A certain number of provisions concerning construction and town-planning activities came into force on Dec. 31, 2013. These changes will affect the interests of builders, developers and individuals buying land plots to subsequently develop them.
These provisions include the following:
- Firstly, a key change has been the entry into force as of Dec. 31, 2013, of the provision whereby land plots which are state- or municipally owned will not be granted for construction if there are no land use and development rules (Article 3(14) of Federal Law No. 137-FZ of October 25, 2001 "On the entry of the Land Code into force"). This applies to urban settlements and urban districts, except the federal city of Moscow and the Moscow Region. Such a rule will be introduced for the federal city of Moscow and the Moscow region only as of December 31, 2014.
Therefore, it turns out that as of Dec. 31, 2013, if there are no land use and development rules, for example in some regions (which currently do not have approved land use and development rules), the granting of state- and municipally owned land plots for construction will be denied.
- Secondly, as of Dec. 31, 2013, there is a ban on issuing permits for the construction of capital structures in urban settlements and urban districts if land use and development rules are absent.
According to Article 51(3) of the RF Town-Planning Code, construction permits are not allowed to be issued if there are no land use and development rules, except for construction and reconstruction of properties of federal or regional importance, properties of local importance of municipal districts, and capital structures on land plots to which town-planning regulations do not apply and for which town-planning regulations are not established.
At this time a construction permit is issued even if there are no approved land use and development rules. Also, the coming into force of that provision in urban settlements and urban districts has been postponed more than once, and the deadline for enacting the provision has also been moved. For example, according to Federal Law No. 289-FZ of Dec. 30, 2012, the deadline was again extended to Dec. 31, 2013.
- Another change relates to the innovations as of Dec. 31, 2013 concerning urban settlements
- firstly, as of that date the provisions of Article 9(4) of the RF Town-Planning Code (providing that it is not permitted to adopt a decision to reserve or withdraw a land plot for municipal needs, if the siting of such properties is not provided for by the land-use planning documents) will apply to urban settlements;
- secondly, as of that date the provisions of Article 45(6) of the RF Town-Planning Code concerning the inadmissibility of preparing site planning documentation if the municipal district or settlement does not have a master plan will also apply.
- In conclusion, the time period for submitting land plot urban-development plans for the construction of linear facilities ended on Dec. 31, 2013, and now it will be necessary to have approved site development and site survey plans for those purposes.

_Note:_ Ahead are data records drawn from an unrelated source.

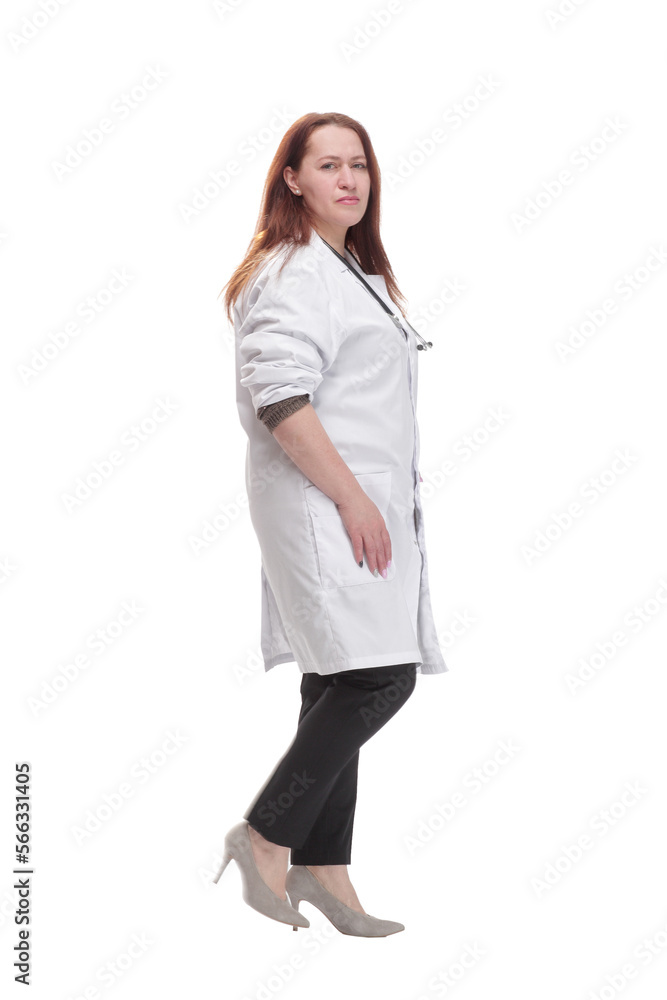 mature woman doctor striding forward. isolated on a white background. mature woman doctor striding forward. isolated on a white background.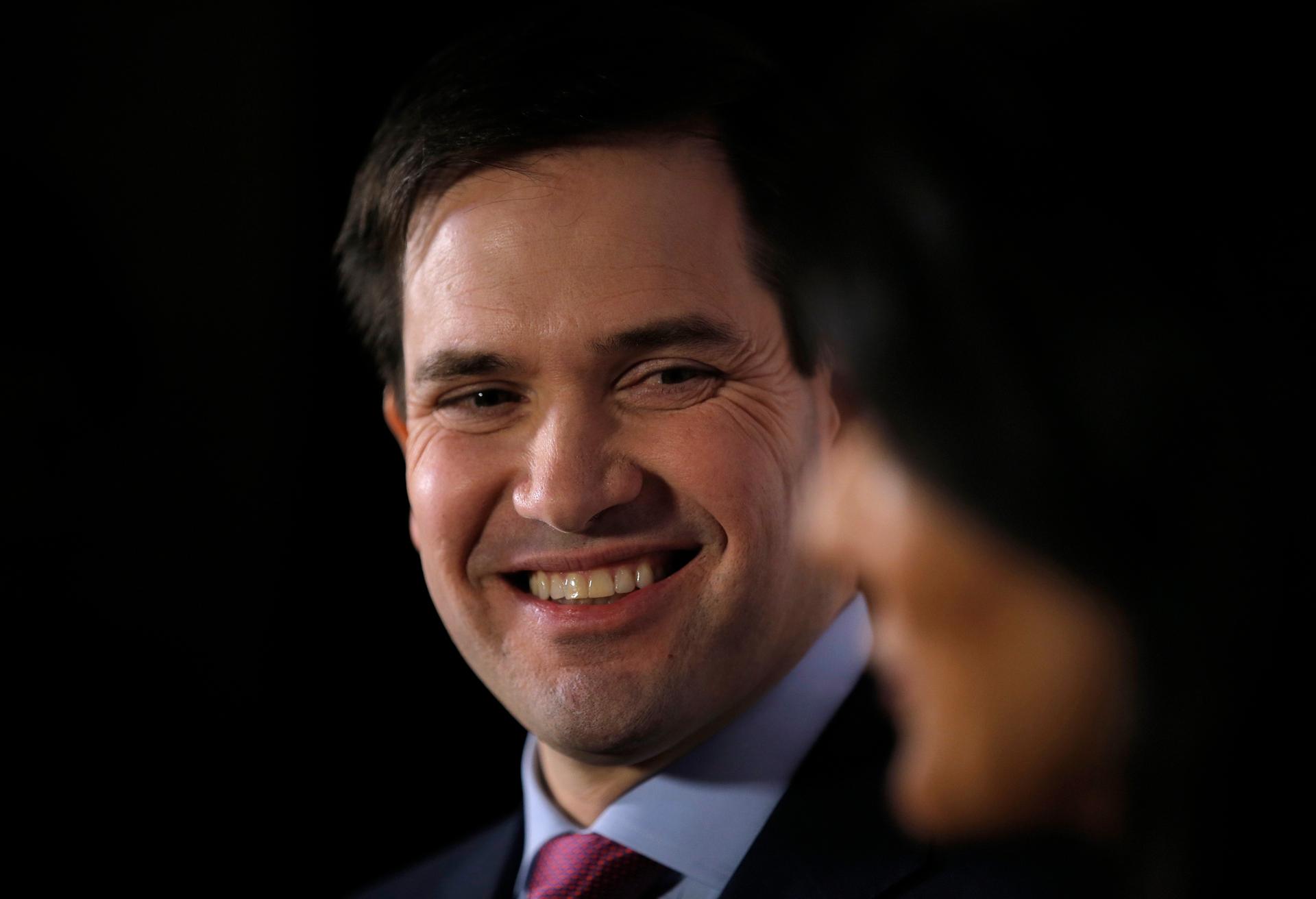U.S. Republican presidential candidate Marco Rubio smiles as South Carolina Governor Nikki Haley speaks to reporters before a campaign event in Anderson, South Carolina February 18, 2016.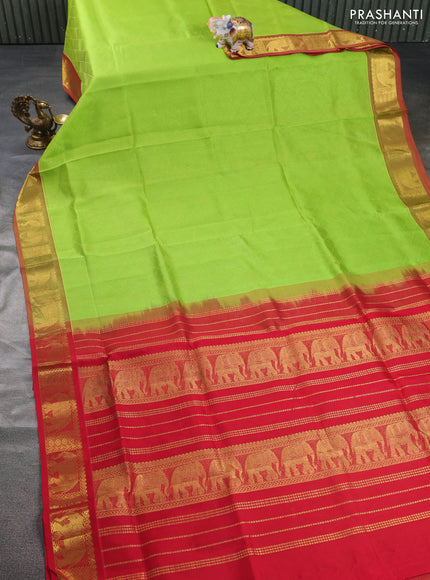 Silk cotton saree light green and red with allover self emboss jacquard and elephant zari woven border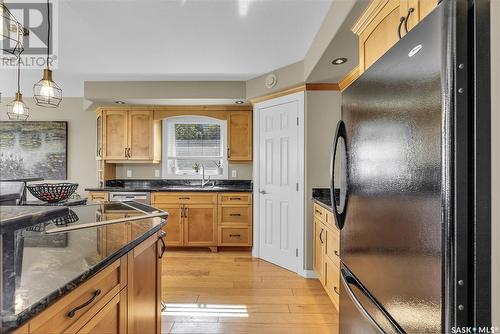 21 Mccrimmon Crescent, Blackstrap Shields, SK - Indoor Photo Showing Kitchen With Double Sink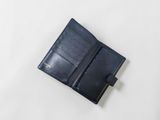 a black leather wallet on a white surface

It should be noted that, on the one hand, the coming into force of these provisions is intended primarily to later enact all of the provisions of the Town-Planning Code, and to make application of the Town-Planning Code uniform across Russia. In addition, enacting the regulations described here as of Dec. 31, 2013, will help to make the requirements of the Town-Planning Code consistent with their practical implementation as quickly as possible. On the other hand, not all Russian Federation subjects have land use and development rules. For example, in a number of urban settlements and urban districts where there are currently no land use and development rules, the authorities' inability to grant a land plot for construction and/or issue a construction permit due to the ban which has been introduced will result in reduced development and construction, which will mean reduced supply and increased demand on the real estate market and, as a result, possible price increases.